Ms. Woodhead said, “Pride is what is celebrated now. We have pride days, we have pride marches. The ethic has already shifted.”
‘Slow-motion disaster’
Peter Hitchens, a columnist for The Mail on Sunday newspaper, lamented the change.
“It’s a disaster, but a slow-motion disaster which won’t be attributed to its cause,” said Mr. Hitchens, whose 1999 book, “The Abolition of Britain,” traced the decline of traditional Christian faith and moral values in the island nation.
In a telephone interview, Mr. Hitchens expressed a “total lack of surprise” at the findings of the 2021 census, which the Office for National Statistics released Tuesday.
Christianity in Britain “has been dying for a long time,” he said. “There was some time, until recently, there was a sort of social and cultural pressure to at the very least to pretend a Christian affiliation, and that’s completely gone.

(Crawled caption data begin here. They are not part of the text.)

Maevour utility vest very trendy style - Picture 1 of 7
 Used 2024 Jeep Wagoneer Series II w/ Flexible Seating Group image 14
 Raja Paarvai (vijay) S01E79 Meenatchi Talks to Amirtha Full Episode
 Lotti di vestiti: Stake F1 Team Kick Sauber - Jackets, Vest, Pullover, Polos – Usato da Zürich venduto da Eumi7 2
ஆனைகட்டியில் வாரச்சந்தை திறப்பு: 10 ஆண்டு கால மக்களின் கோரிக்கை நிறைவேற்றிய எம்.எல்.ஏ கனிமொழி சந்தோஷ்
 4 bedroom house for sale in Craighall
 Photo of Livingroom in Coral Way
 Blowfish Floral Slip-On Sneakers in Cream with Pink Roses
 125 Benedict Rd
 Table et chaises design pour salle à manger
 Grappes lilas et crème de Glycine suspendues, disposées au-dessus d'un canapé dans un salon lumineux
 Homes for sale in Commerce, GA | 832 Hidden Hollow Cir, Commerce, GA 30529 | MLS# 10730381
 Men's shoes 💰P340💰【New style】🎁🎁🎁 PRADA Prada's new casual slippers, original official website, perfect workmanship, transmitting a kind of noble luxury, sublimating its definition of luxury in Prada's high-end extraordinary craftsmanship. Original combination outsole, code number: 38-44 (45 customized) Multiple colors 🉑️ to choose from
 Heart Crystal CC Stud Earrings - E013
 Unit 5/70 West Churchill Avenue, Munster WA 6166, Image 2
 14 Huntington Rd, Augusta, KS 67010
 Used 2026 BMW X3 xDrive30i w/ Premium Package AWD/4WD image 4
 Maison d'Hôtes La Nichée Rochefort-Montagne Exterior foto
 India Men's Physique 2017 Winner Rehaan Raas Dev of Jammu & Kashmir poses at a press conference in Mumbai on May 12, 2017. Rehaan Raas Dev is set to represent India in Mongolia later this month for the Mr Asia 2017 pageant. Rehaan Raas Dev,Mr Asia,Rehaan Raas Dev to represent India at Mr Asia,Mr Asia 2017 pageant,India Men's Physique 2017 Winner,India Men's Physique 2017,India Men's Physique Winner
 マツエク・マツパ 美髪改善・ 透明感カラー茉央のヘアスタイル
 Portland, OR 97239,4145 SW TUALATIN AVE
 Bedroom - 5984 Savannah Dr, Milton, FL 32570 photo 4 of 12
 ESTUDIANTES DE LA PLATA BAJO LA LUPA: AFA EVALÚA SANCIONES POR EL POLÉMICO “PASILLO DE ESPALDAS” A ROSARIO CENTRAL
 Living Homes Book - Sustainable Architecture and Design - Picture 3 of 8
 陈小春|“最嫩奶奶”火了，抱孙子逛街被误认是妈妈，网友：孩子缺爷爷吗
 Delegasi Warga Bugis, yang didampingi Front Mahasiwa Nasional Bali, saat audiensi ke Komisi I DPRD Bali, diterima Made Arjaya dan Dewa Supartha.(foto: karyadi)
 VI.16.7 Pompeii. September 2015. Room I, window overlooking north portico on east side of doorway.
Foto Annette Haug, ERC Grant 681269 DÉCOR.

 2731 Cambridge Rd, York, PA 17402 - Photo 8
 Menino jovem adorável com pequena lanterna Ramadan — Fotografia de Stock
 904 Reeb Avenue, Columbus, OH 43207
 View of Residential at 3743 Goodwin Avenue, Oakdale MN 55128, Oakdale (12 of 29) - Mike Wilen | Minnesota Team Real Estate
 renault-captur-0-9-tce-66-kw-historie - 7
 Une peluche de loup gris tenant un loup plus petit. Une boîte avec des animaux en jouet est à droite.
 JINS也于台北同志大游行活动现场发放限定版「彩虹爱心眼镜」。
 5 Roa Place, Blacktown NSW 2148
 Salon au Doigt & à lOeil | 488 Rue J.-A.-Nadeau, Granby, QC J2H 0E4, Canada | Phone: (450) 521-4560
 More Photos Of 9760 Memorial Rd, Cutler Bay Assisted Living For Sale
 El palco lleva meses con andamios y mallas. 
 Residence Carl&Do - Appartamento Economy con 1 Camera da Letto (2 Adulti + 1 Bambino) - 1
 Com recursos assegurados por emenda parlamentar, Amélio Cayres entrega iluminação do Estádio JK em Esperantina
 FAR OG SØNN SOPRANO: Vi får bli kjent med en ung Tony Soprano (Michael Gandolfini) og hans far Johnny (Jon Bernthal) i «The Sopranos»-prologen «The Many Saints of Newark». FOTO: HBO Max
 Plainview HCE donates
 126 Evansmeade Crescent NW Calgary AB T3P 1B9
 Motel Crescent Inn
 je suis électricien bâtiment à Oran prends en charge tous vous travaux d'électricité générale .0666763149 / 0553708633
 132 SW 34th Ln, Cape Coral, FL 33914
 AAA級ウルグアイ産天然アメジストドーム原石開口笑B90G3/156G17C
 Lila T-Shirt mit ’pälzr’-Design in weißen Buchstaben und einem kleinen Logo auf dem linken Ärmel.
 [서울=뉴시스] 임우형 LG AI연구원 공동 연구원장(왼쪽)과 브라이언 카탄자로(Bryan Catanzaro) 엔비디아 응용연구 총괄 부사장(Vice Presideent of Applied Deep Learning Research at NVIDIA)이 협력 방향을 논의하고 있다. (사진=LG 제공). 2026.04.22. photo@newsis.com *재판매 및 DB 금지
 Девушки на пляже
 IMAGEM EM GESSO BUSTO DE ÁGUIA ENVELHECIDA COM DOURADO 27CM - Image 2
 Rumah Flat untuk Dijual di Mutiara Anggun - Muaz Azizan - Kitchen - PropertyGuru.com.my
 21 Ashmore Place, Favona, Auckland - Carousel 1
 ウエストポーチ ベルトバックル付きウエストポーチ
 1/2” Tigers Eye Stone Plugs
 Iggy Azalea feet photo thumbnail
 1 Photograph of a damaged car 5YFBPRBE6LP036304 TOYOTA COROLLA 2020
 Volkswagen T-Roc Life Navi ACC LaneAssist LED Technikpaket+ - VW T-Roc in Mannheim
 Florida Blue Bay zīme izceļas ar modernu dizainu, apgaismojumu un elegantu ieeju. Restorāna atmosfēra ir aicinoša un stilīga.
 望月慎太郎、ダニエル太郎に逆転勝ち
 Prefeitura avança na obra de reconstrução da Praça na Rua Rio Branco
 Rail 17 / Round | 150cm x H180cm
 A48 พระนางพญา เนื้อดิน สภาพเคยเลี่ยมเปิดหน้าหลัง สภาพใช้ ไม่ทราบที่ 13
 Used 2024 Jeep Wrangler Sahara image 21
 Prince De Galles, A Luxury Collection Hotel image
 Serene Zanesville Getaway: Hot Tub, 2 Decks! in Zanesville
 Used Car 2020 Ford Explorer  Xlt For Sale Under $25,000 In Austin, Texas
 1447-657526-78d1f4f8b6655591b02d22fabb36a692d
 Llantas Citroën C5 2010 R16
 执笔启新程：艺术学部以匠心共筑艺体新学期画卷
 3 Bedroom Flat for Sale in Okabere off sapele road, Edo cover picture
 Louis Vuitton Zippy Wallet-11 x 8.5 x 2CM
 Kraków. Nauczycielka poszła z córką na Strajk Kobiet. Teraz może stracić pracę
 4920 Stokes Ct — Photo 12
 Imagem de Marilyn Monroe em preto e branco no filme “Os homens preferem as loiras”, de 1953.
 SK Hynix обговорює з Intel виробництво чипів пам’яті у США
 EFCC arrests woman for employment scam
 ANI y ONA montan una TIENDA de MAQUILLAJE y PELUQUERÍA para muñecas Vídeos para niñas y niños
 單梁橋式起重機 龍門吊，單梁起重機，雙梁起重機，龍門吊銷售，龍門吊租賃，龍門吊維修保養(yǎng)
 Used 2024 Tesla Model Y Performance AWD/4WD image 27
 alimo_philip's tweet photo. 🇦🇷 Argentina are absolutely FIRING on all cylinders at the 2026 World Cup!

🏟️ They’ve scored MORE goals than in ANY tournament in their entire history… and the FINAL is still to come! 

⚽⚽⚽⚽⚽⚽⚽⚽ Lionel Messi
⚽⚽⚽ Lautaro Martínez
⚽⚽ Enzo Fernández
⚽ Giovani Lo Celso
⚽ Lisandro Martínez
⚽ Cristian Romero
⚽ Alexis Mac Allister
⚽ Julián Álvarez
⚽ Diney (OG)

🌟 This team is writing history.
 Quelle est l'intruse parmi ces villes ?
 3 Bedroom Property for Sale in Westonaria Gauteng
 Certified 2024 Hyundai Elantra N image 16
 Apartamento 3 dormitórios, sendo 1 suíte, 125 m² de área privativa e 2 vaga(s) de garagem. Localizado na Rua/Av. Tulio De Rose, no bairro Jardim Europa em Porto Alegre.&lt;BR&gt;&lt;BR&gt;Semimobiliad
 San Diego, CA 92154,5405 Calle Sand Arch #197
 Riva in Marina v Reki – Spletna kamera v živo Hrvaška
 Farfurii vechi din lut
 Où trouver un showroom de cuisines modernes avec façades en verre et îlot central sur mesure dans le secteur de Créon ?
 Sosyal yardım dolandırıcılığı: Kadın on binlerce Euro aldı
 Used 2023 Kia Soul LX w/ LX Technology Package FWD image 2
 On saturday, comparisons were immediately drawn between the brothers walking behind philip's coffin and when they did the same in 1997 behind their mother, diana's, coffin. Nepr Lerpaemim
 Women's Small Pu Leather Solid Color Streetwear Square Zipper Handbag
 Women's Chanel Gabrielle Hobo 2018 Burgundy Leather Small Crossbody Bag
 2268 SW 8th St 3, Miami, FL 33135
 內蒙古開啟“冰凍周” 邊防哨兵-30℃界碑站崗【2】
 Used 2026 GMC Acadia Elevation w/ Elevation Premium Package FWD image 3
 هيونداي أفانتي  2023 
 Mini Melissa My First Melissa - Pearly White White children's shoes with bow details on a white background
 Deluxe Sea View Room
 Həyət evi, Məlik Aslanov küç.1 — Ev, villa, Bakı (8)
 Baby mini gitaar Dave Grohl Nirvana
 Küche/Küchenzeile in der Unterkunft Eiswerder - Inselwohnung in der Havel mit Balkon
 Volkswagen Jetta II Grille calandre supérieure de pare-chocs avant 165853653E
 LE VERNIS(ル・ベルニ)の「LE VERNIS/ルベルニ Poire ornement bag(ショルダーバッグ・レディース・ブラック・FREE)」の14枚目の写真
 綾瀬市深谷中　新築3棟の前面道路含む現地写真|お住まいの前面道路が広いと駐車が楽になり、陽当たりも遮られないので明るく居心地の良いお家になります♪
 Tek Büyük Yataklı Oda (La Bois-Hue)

People largely stopped going to church decades ago.”
Chick Yuill, formerly with the London Institute for Contemporary Christianity, said it is estimated that “between 6% and 7% of people in Britain [would] be in the pews in church on any given Sunday.”
That doesn’t mean Britain has totally lost its Christian heritage, said Mr. Yuill, who also hosts a talk show on Premier Christian Radio. Historians such as Tom Holland, he said, would “insist that we are still in many ways a Christian country. Because our whole belief system, although people may largely have forgotten, is based on Christian values and Christian truth.”
Marcus Jones, news director for Premier Christian News, a website associated with the radio network, said there are reasons for optimism in the latest census figures.
“The slightly more positive way to look at things is that there are people now who describe themselves as ‘nonreligious,’ but they aren’t describing themselves as atheists or agnostics,” Mr. Jones said. This “provides a great opportunity, I think, for the church to say that these people are still up for grabs, as it were. They are there to be won over,” he said.
The Right Rev. Philip North, Anglican Bishop of Burnley in the northwest of England, said over half of the “nonreligious” believe in God and a third of them pray, indicating a potential openness to belief.
He said there remains “quite a significant spiritual questioning in the U.K.” and churches that serve the community “will still usually grow.”
Bishop North said, “I’m seeing in this diocese in northwest England. I’ve seen growth of churches and highly unlikely places, hugely deprived communities, outer estates, very challenged towns, there’s growing churches.”
The Rev. Canon J. John, one of the Church of England’s most prominent evangelists, said the latest figures reveal an oft-neglected reality.
“Many of us have long had the feeling that decisions at the highest level of many Christian denominations have been governed by an unspoken principle of what might be called ‘quietly managed retreat,’” he said via email, “a defeatist attitude that accepts decline and by doing so, manages to achieve it.”
Mr. John said intensified preaching would draw in converts.
“No one goes to church to hear exactly what they get from the media and from their friends and colleagues,” he said. “What will bring them in and see them committed to the church is the full-blooded, confident preaching of Christ in the power of the Holy Spirit. Paradoxically the way to change the census figures is to ignore them and instead focus on producing changed lives through Jesus Christ.”
Should spiritual revival not come around, Mr. Hitchens said, even those of other faiths will feel the decline and fall of Christian belief in Britain, whether or not they know exactly what happened.
“It’ll be quite a long time before the moral force of Christianity dissipates,” Mr. Hitchens said. “When it does, people will be sorry, but they won’t necessarily connect it with the disappearance of the church or the church going out of general belief among the population.”